Download or read book The Making of England written by Mark Atherton and published by Bloomsbury Publishing. This book was released on 2017-01-30 with total page 352 pages. Available in PDF, EPUB and Kindle. Book excerpt: During the tenth century England began to emerge as a distinct country with an identity that was both part of yet separate from 'Christendom'. The reigns of Athelstan, Edgar and Ethelred witnessed the emergence of many key institutions: the formation of towns on modern street plans; an efficient administration; and a serviceable system of tax. Mark Atherton here shows how the stories, legends, biographies and chronicles of Anglo-Saxon England reflected both this exciting time of innovation as well as the myriad lives, loves and hates of the people who wrote them.
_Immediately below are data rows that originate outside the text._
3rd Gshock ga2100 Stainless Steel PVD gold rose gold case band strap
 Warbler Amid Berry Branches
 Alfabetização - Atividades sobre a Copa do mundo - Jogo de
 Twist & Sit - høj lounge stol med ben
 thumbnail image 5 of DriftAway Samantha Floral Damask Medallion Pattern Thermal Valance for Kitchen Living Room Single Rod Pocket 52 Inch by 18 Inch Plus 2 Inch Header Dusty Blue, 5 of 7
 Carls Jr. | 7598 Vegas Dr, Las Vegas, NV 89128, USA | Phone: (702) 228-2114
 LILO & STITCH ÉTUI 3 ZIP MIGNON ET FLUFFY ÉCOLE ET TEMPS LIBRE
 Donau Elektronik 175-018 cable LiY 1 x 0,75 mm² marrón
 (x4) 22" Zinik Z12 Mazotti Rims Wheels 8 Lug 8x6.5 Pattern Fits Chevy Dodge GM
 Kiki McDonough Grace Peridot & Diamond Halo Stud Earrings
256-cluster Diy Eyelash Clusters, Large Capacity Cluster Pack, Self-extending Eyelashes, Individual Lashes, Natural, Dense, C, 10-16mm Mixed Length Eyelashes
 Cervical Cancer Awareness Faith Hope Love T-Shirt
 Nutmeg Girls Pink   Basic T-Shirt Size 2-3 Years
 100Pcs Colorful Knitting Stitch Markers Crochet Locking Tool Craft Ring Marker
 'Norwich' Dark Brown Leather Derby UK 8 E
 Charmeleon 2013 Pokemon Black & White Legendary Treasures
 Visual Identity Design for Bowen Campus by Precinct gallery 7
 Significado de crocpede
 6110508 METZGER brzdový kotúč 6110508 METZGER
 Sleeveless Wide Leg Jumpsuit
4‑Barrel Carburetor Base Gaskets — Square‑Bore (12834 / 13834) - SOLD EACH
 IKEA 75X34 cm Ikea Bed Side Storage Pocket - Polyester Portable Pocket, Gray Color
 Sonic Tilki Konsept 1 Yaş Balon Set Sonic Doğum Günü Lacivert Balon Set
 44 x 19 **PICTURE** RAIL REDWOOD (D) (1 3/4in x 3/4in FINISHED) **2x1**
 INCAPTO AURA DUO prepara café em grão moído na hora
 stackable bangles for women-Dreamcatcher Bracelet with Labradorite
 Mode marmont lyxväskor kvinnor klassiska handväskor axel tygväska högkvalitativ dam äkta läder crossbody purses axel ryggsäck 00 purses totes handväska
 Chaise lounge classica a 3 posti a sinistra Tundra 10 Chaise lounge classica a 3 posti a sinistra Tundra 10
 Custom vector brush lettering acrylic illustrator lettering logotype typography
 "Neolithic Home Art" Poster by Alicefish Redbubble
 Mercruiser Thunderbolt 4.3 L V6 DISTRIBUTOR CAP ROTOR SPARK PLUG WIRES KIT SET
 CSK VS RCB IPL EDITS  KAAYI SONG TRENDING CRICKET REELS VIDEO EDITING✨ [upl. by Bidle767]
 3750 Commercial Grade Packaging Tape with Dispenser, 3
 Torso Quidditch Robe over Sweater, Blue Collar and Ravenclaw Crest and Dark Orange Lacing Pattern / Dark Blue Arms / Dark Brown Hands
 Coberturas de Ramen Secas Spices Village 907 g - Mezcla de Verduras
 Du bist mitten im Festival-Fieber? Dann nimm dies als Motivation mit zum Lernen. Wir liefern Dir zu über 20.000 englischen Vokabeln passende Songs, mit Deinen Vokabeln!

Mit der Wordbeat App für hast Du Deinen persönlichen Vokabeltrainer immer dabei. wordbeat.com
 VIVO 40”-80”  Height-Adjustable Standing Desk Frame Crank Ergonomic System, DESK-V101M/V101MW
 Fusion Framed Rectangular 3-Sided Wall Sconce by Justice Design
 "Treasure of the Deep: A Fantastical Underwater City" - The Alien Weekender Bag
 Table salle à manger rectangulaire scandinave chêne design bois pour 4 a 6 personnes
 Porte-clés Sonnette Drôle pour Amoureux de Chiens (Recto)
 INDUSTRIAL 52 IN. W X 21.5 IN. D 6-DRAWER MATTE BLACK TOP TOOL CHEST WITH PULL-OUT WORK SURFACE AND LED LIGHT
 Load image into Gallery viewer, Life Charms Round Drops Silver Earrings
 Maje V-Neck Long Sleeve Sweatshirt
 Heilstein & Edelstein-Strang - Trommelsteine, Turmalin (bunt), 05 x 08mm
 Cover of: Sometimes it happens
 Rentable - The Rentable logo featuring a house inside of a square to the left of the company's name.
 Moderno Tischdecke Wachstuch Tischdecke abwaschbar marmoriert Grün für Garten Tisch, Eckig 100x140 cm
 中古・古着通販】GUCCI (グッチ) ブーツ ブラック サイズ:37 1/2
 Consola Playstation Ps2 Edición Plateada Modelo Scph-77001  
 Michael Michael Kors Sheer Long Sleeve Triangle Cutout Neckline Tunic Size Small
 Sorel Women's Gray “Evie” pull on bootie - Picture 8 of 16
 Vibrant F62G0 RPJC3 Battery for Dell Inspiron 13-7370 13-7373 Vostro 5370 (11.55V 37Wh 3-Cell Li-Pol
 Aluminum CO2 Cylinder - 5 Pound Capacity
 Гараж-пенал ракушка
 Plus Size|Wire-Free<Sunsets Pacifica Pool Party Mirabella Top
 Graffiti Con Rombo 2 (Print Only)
He demonstrates, too, that this was a nation coming of age, ahead of its time in its use not of the Book-Latin used elsewhere in Europe, but of a narrative Old English prose devised for law and practical governance of the nation-state, for prayer and preaching, and above all for exploring a rich and daring new literature. This prose was unique, but until now it has been neglected for the poetry. Bringing a volatile age to vivid and muscular life, Atherton argues that it was the vernacular of Alfred the Great, as much as Viking war, that truly forged the nation.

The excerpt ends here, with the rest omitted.